▶ About this task: Only the lines from the line that contains "Skoda Enyaq Coupe RS 9 of 30" through the final line of the entries below belong in your answer, copied exactly and without pictures.

▶ Material for this task:
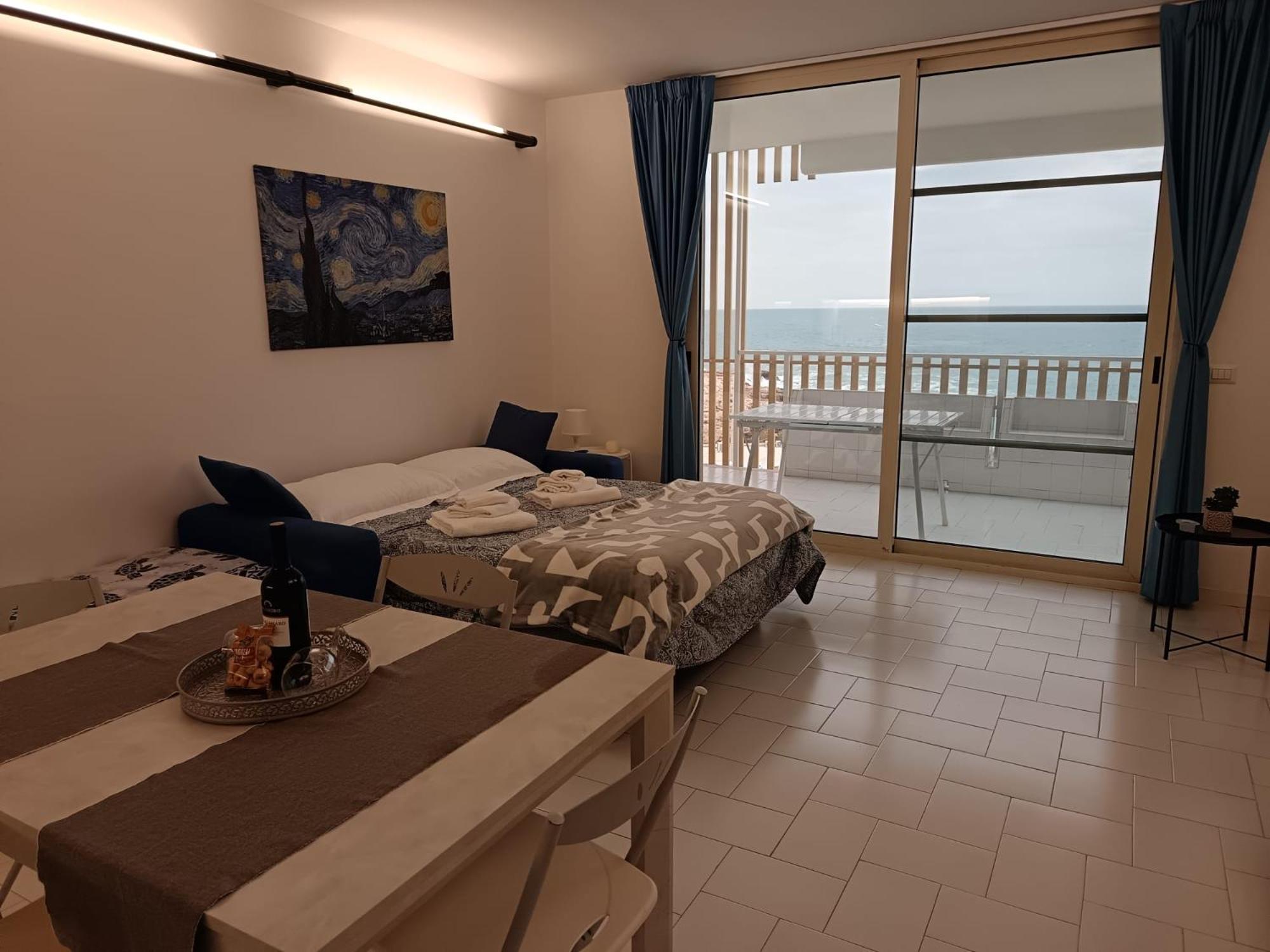 Apartment with Sea View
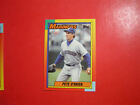 1990 Topps Traded Pete O'brien 82T Mint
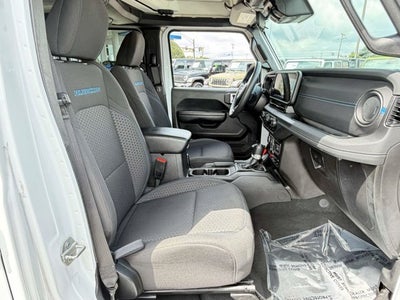 2024 Jeep Wrangler 4xe Rubicon 4xe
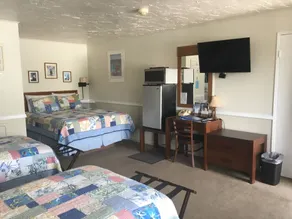 Mermaid Inn - Room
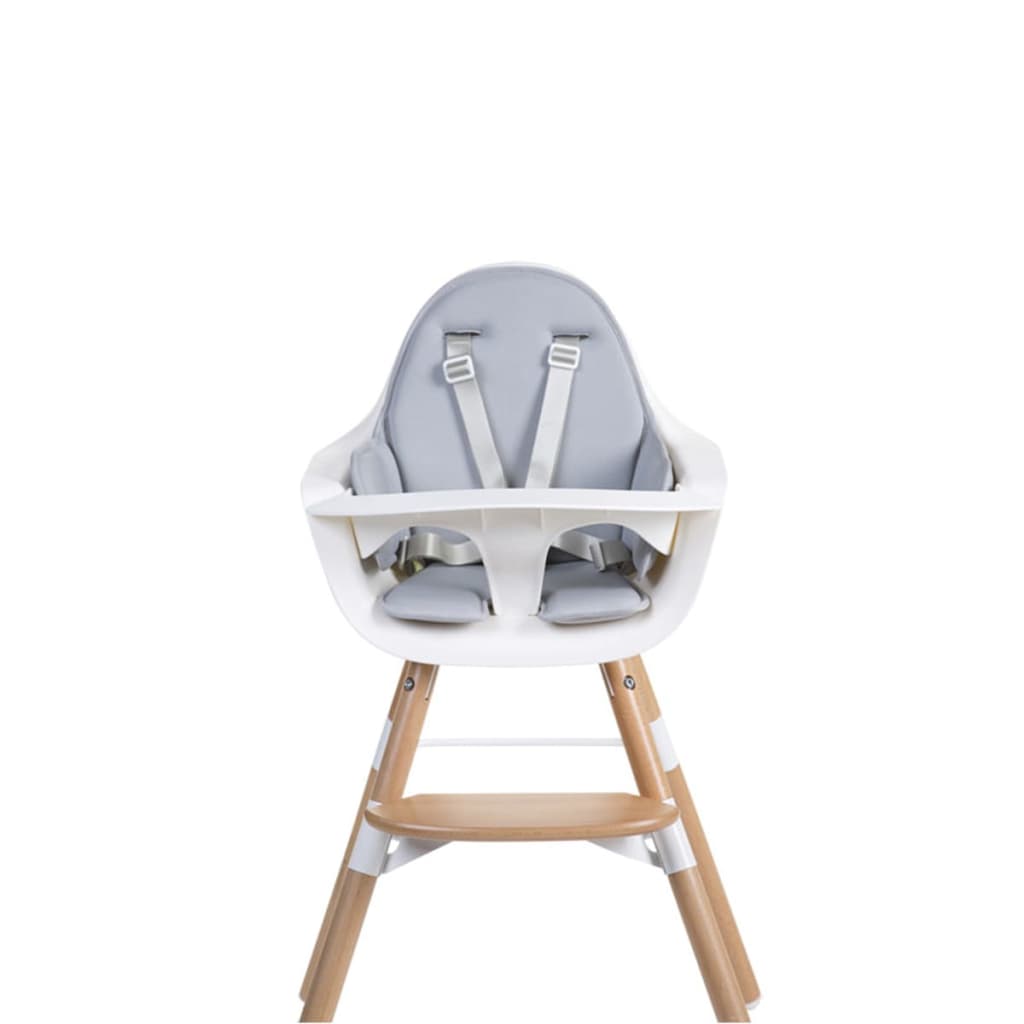 

CHILDHOME Kinderstoelkussen Evolu grijs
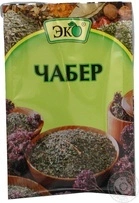Чабер сушений Еко м/у 8г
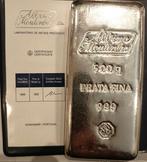 500 gram - Zilver .999 - Albino Moutinho - Met certificaat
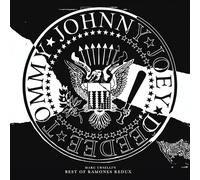 Various Artists – Marc Urselli's Best Of Ramones (Redux) – CD Digisleeve (Importación USA)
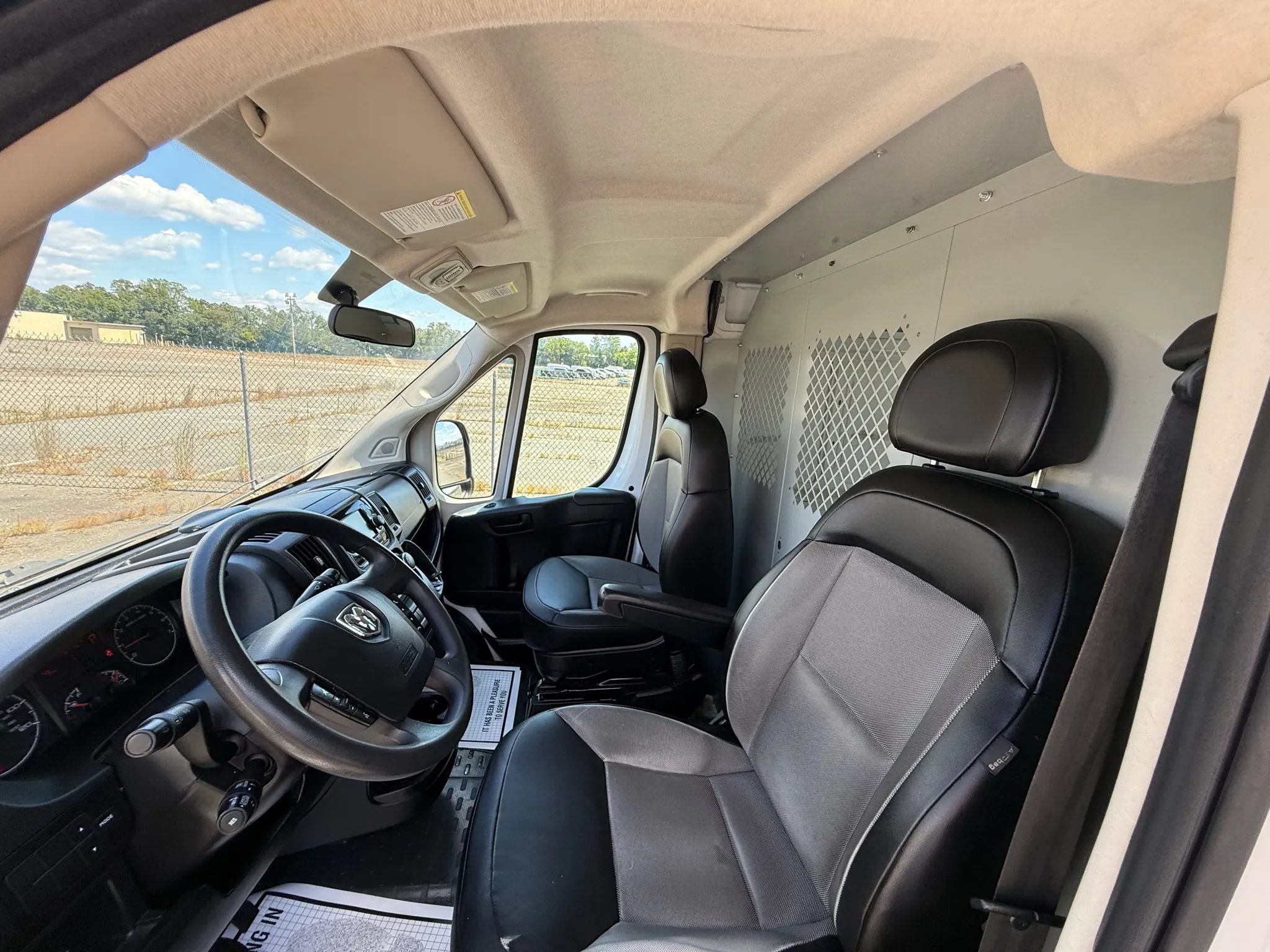 Used 2020 RAM ProMaster 1500 FWD image 35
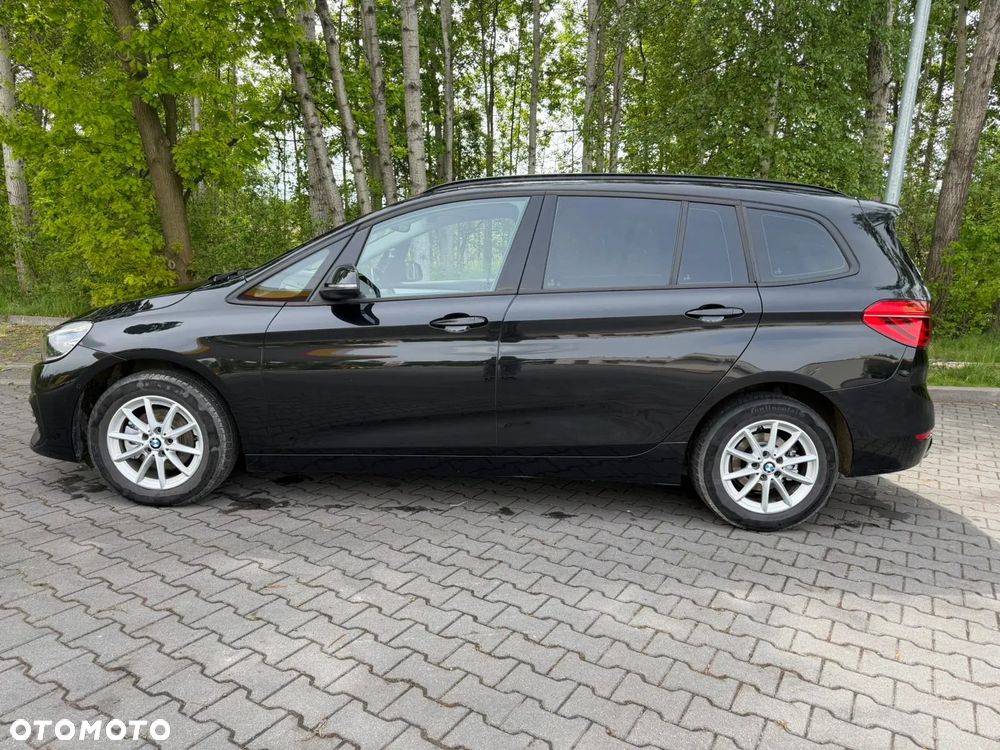 BMW Seria 2 216d Advantage - 3
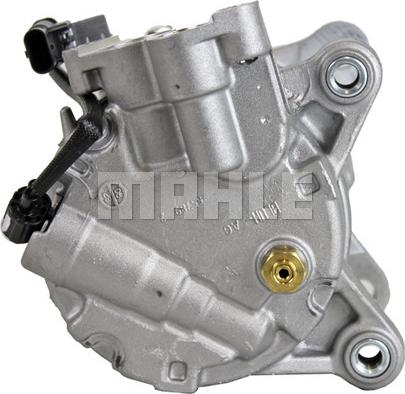 MAHLE ACP 1383 000P - Компресор, кондиціонер autocars.com.ua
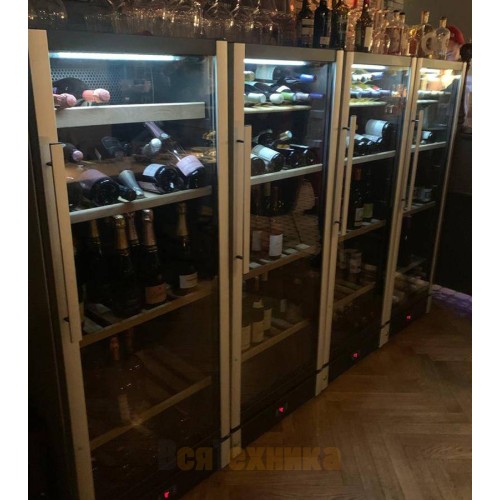 Винный шкаф Vestfrost Solutions WSBS 155 S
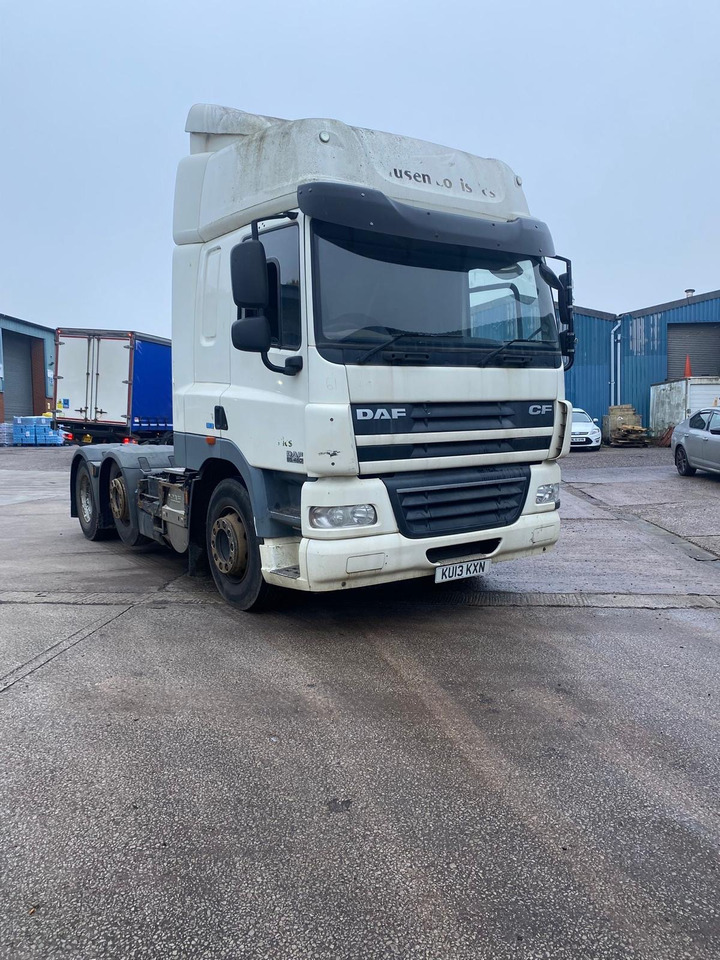 DAF CF 460 - Tracteur routier: photos 1 DAF CF 460 - Tracteur routier: photos 1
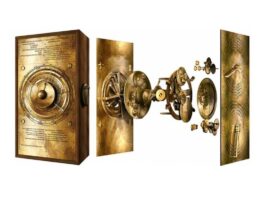 Rozpracowano mechanizm z Antykithiry – starożytny komputer bez tajemnic! (FILM) mechanizm z Antykithiry
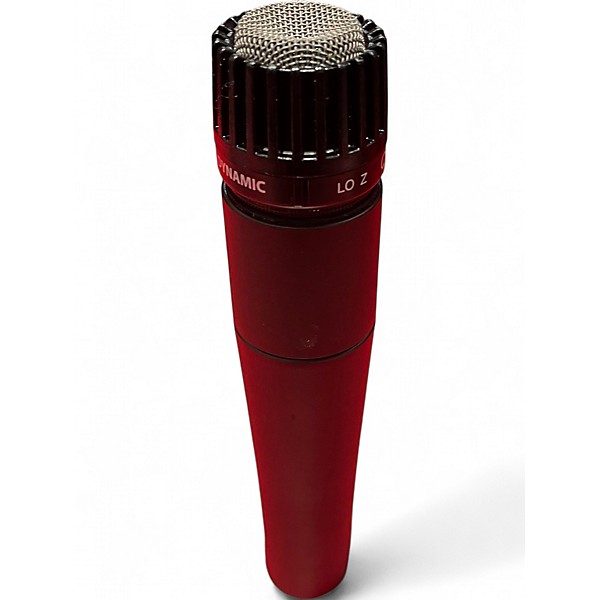 Used Shure SM57LC Dynamic Microphone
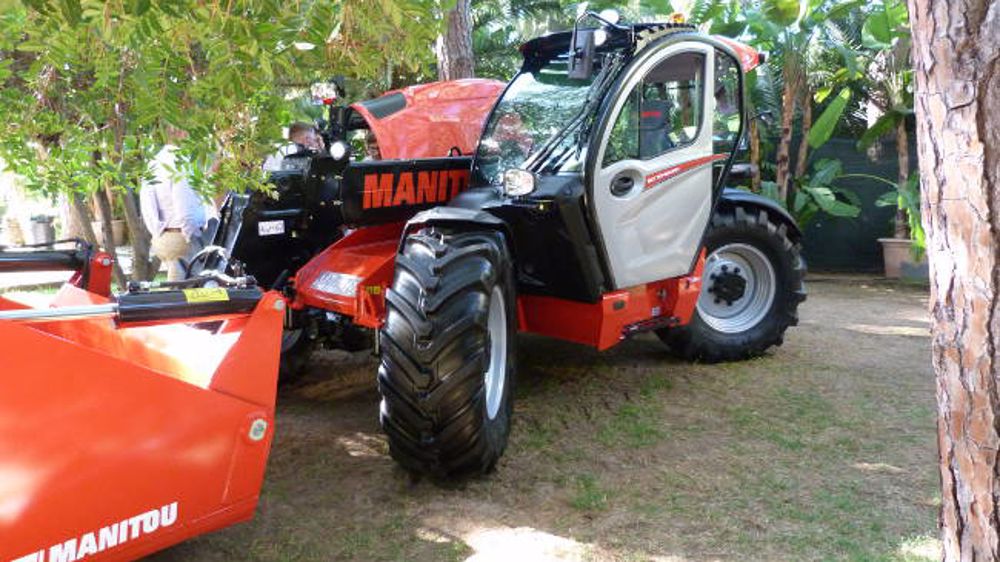 Dynamique troisième trimestre pour Manitou Dynamique troisième trimestre pour Manitou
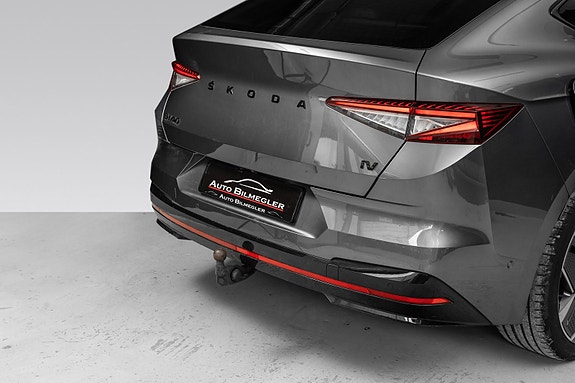 Skoda Enyaq Coupe RS 9 of 30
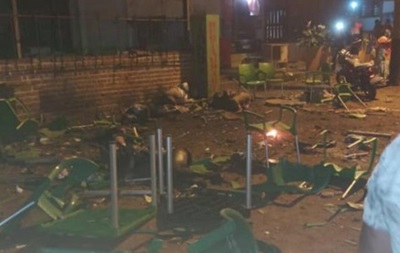 У Конго прогримів вибух у кафе: шестеро загиблих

▶ Expected answer:
 Skoda Enyaq Coupe RS 9 of 30
 У Конго прогримів вибух у кафе: шестеро загиблих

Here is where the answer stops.